Discurso durante a 161ª Sessão de Debates Temáticos, no Senado Federal

Sessão de debate temático destinada à discussão das Propostas de Emenda à Constituição nº 6, de 2019, e nº 133, de 2019, cujo objeto é a reforma da previdência.

Autor
RICARDO BERZOINI
Casa
Senado Federal
Tipo
Discurso
Resumo por assunto
PREVIDENCIA SOCIAL:
  • Sessão de debate temático destinada à discussão das Propostas de Emenda à Constituição nº 6, de 2019, e nº 133, de 2019, cujo objeto é a reforma da previdência.
Publicação
Publicação no DSF de 11/09/2019 - Página 26
Assunto
Outros > PREVIDENCIA SOCIAL
Indexação
  • SESSÃO DE DEBATES TEMATICOS, DESTINAÇÃO, DISCUSSÃO, ASSUNTO, PROPOSTA DE EMENDA A CONSTITUIÇÃO (PEC), OBJETIVO, REFORMA, PREVIDENCIA SOCIAL.

    O SR. RICARDO BERZOINI (Para exposição de convidado.) – Boa tarde a todas e a todos.

    Quero cumprimentar o Senador Randolfe, que preside a Mesa neste momento, e cumprimentar os demais expositores que apresentaram os seus pontos de vista.

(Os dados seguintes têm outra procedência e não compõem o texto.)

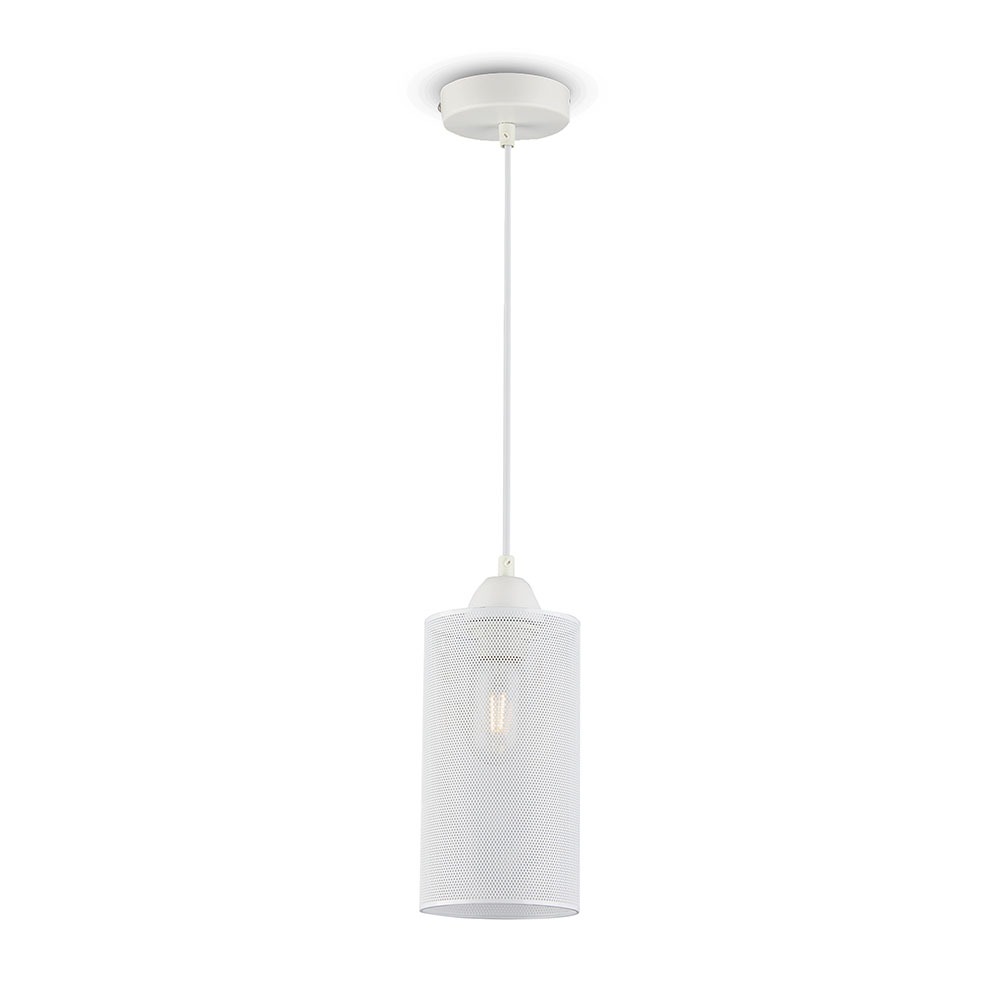 V-TAC Pendelleuchte E27 60W Can Form Warmweiss IP20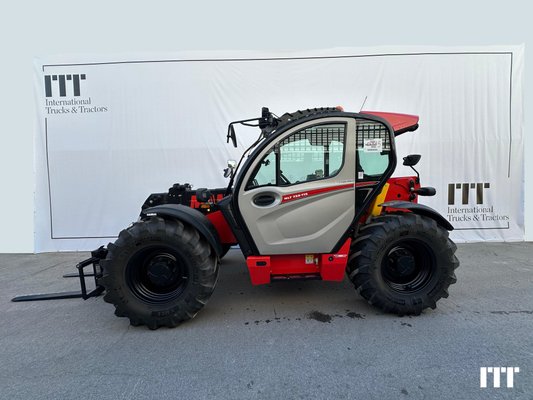 Telehandlers - MLT 733-115 D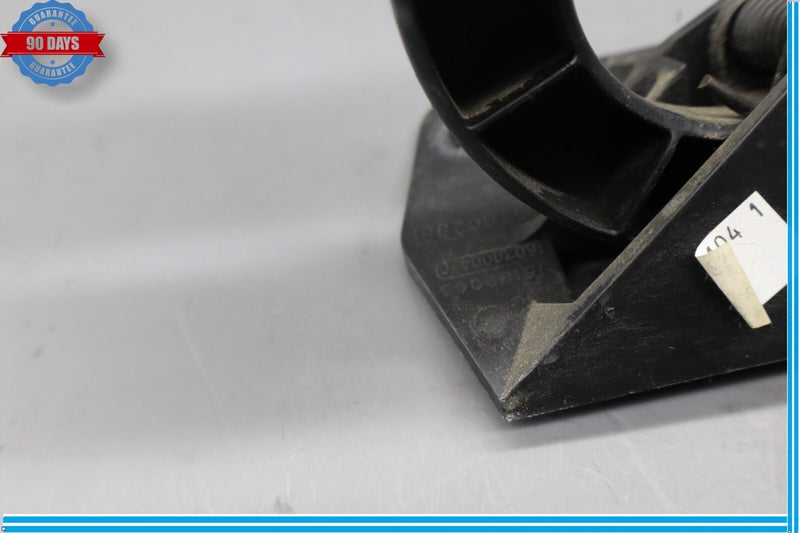 Load image into Gallery viewer, 03-07 HUMMER H2 Rear Right Passenger Side Door Interior Handle Black Oem
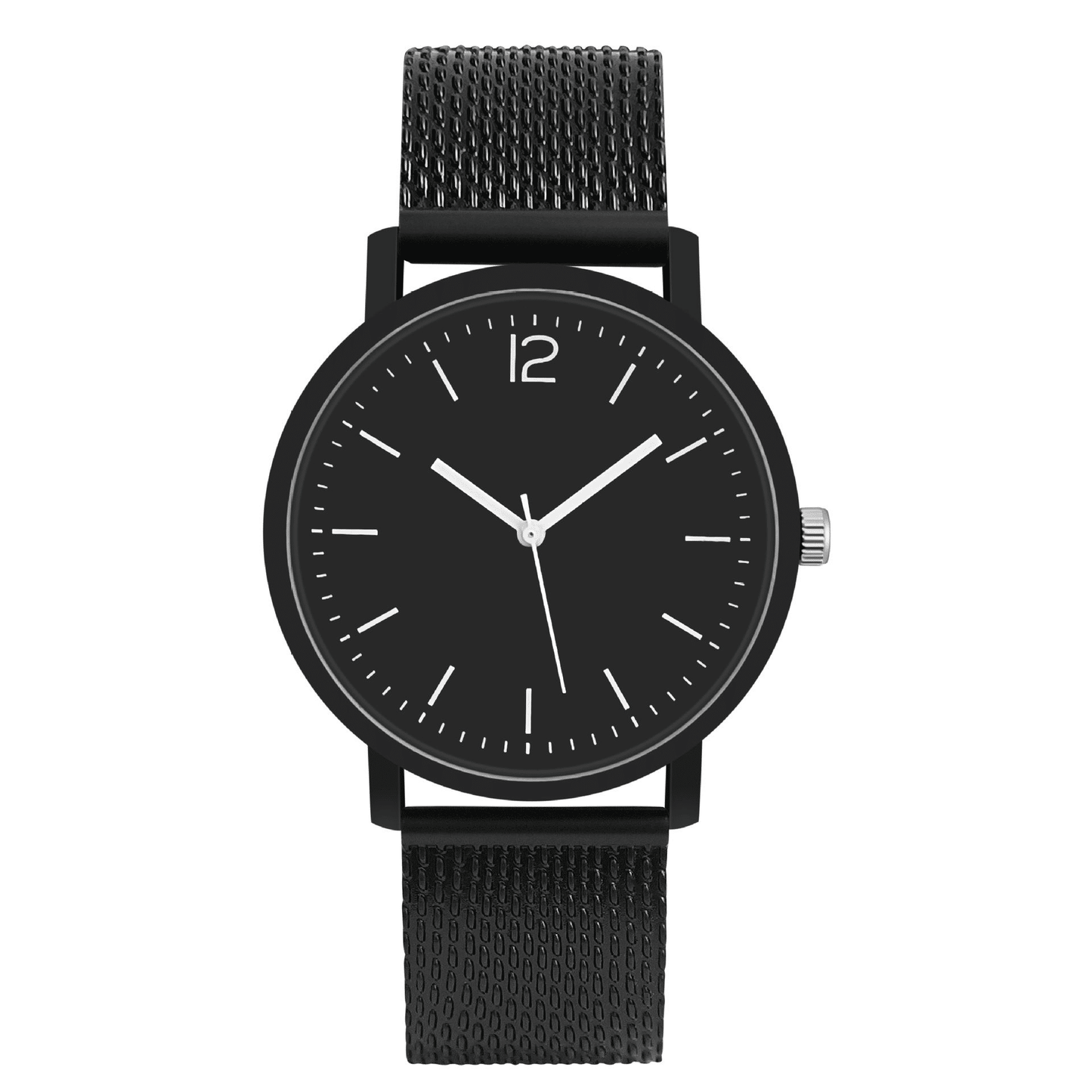 Elegant Digital Quartz Couple Watches for Men & Women, Perfect Gift Set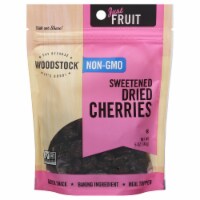 Woodstock Farms Sweetened Dried Cherries Perspective: Main
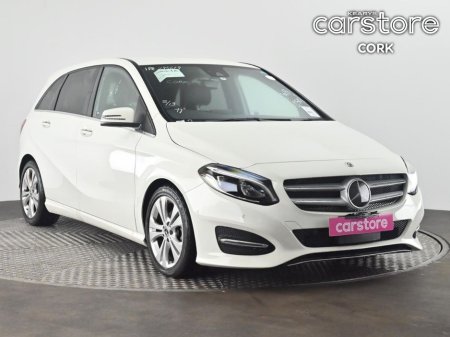 2018 Mercedes-Benz B Class 1.6 Auto €22,480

    Quero dizer que o tema da previdência despertou o meu interesse ainda quando muito jovem, nos anos 80, quando comecei a estudar a matéria. Participei das atividades da Constituinte como militante político e sindical. Estive também atuando quando da tramitação da Emenda 20, defendendo os interesses dos trabalhadores, mas dialogando do ponto de vista de uma interação, de uma negociação com o Governo Federal – Governo Fernando Henrique Cardoso na época. Em 2003, estive aqui neste Plenário, como Ministro da Previdência, defendendo a PEC 40, que se transformou na Emenda 41, de 2003, a partir da lógica de que era uma reforma respeitosa e adequada, que não desprotegia e que buscava, na verdade, dar uma sustentabilidade de médio e longo prazo para a previdência dos servidores federais, estaduais e municipais. Também fui Relator do projeto de lei que instituiu o Funpresp, dando consequência à Emenda 41, permitindo que houvesse um teto do Regime Geral para os servidores públicos federais e que pudessem estes, para complementar a sua aposentadoria, ter acesso a um fundo de previdência complementar democraticamente gerido e sem fins lucrativos.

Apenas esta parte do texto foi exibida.